Sonra bir gün siyasi çarkıfelek'in ibresi onu işaret etti. İyi ki de etmiş. İlk döneminde Süleyman Evcilmen'in yeniden aday gösterilmemesi gerektiğini savunanlardanım. Ancak Muratpaşa'ya bir kadın aday olması gerektiğini de savunmuştum.

Neyse doğru isim olan Ümit Uysal oldu. "Süleyman Evcilmen'in karşısında ezilecek, bitecek, Evcilmen ezip geçecek" söylemlerine verilen gazlara rağmen girdi ve kazandı. Bu saatten sonra ise kendisi istemediği sürece o koltuktan biraz zor indirilir gibi geliyor bana. Çünkü komşularım dediği, hemşehrilerim dediği Muratpaşa'da yaşayanlar ile arasında özel bir bağ kurmuş. Muratpaşa'nın dokusunu bildiği için o dokunun içinde kendiside kaybolmuş.

Akçeli işlerle işi olmaz. Avukatlık yaptığı dönemden çok çok daha az kazandığını biliyorum. Ailesinin zamanından kullanıyor. Bazen günde 17-18 saat filan çalıştığını söyledi. Buna can dayanmaz ama dayanıyor. Her gün Muratpaşa'nın çehresini değiştirmek için çabalıyor. Başarısız olmasını bekleyenlere inat, başarılı projeleri bir bir hayata geçiriyor. Engelsiz Cafe, Teneffüs Park gibi bir çok projeler model olarak başka belediyeler tarafından örnek alındı.

Bu köşeden Ümit Uysal'ı defalarca eleştirel yazılar kaleme aldım. Bu gün biraz hakkını teslim etmek istedim.

Adliye sakinleri ayrı bir yazı konusu olacak kadar renklidir. Vatandaş davası için bir saat gelir, bir gün gelir ama adliye sakinleri her gün oradadır ve aralarında tanımlanmayacak güçlü bağ vardır. Adliye sakinlerinin arasındaki dayanışma hiç hiçbir kurumda yoktur. Çünkü birbirlerini zora sokacak hiçbir şeyi karşısındakinden talep etmezler. Birbirlerinin hukukuna saygılıdırlar. Herkes kimin ne yaptığını ve hangi karakterde olduğunu da bilir.

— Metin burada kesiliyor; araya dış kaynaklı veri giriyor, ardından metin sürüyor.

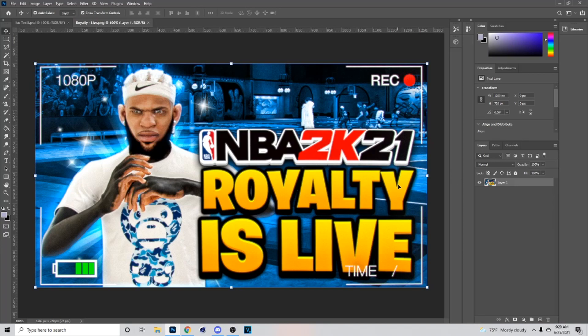Welcome back to the tutorial. Today I'm gonna show you guys how to make a thumbnail similar to this right here, so let's just crank to it.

Her gün adliyede birlikte olduğumuz için, o samimiyet ve gülümsemeyle "Ben senin ciğerini bilirim" dedi. Bu sözlerin arkasında ne yattığını ikimizde biliyorduk. Gerçekten benim ciğerimi bilir, bende Sayın başkanın ciğerini bilirim. Fazla söze gerek yok. Ortada adliye kardeşliği var.